In the data below, find the line that contains "Georgian Style Bow Front Chest of Drawers" and the line that contains "Casa de campo". Copy both, plus every line between them, exactly.

-- Opening Marker --

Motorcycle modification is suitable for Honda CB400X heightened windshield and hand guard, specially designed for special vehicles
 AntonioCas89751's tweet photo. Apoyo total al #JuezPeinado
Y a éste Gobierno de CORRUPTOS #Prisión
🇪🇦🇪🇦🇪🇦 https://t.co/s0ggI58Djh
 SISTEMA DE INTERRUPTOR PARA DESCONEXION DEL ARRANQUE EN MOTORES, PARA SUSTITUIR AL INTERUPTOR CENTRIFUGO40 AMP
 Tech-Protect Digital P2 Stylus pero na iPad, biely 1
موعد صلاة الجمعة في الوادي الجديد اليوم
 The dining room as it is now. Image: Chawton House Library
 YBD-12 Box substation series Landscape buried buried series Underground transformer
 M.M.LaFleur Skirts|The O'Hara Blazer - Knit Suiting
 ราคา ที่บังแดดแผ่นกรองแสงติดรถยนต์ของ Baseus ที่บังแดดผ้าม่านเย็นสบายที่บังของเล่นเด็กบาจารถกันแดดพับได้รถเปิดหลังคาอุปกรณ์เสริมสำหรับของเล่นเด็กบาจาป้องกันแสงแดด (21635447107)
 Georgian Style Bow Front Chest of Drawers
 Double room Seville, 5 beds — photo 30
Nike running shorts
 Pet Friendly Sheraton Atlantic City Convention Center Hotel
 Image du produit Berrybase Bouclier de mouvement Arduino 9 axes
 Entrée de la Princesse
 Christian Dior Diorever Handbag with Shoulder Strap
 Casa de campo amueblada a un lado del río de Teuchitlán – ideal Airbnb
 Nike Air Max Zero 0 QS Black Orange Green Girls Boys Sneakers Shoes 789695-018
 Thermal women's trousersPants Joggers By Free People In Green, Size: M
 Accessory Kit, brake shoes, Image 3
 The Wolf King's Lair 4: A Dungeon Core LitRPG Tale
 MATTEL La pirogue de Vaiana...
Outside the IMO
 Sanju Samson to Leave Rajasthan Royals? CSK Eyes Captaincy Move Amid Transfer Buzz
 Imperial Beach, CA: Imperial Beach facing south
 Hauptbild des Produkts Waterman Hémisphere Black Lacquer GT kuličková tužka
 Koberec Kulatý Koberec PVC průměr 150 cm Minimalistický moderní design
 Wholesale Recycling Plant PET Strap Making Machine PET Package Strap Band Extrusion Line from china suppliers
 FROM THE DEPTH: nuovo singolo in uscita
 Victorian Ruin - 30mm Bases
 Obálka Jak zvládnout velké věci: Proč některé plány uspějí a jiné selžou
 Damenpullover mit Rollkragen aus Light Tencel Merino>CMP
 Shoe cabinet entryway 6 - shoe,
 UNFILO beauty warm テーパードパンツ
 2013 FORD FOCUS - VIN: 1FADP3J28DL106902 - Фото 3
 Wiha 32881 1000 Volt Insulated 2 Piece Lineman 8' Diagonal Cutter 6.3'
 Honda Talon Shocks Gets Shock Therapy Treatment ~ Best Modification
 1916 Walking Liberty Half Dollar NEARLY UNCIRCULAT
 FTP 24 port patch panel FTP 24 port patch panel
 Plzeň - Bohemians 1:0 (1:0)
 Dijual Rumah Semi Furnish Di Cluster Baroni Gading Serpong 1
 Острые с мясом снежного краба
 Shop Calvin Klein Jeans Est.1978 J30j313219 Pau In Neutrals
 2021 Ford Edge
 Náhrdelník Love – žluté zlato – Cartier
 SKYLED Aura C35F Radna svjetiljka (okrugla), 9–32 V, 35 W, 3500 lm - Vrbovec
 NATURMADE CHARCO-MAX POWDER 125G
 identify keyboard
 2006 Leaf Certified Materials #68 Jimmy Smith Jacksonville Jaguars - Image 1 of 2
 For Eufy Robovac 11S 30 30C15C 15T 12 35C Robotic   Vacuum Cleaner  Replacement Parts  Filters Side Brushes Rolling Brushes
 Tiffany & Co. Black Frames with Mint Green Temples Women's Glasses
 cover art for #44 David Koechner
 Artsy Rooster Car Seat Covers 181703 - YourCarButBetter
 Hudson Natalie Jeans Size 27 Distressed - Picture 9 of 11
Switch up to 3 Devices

-- Closing Marker --

### Answer
 Georgian Style Bow Front Chest of Drawers
 Double room Seville, 5 beds — photo 30
Nike running shorts
 Pet Friendly Sheraton Atlantic City Convention Center Hotel
 Image du produit Berrybase Bouclier de mouvement Arduino 9 axes
 Entrée de la Princesse
 Christian Dior Diorever Handbag with Shoulder Strap
 Casa de campo amueblada a un lado del río de Teuchitlán – ideal Airbnb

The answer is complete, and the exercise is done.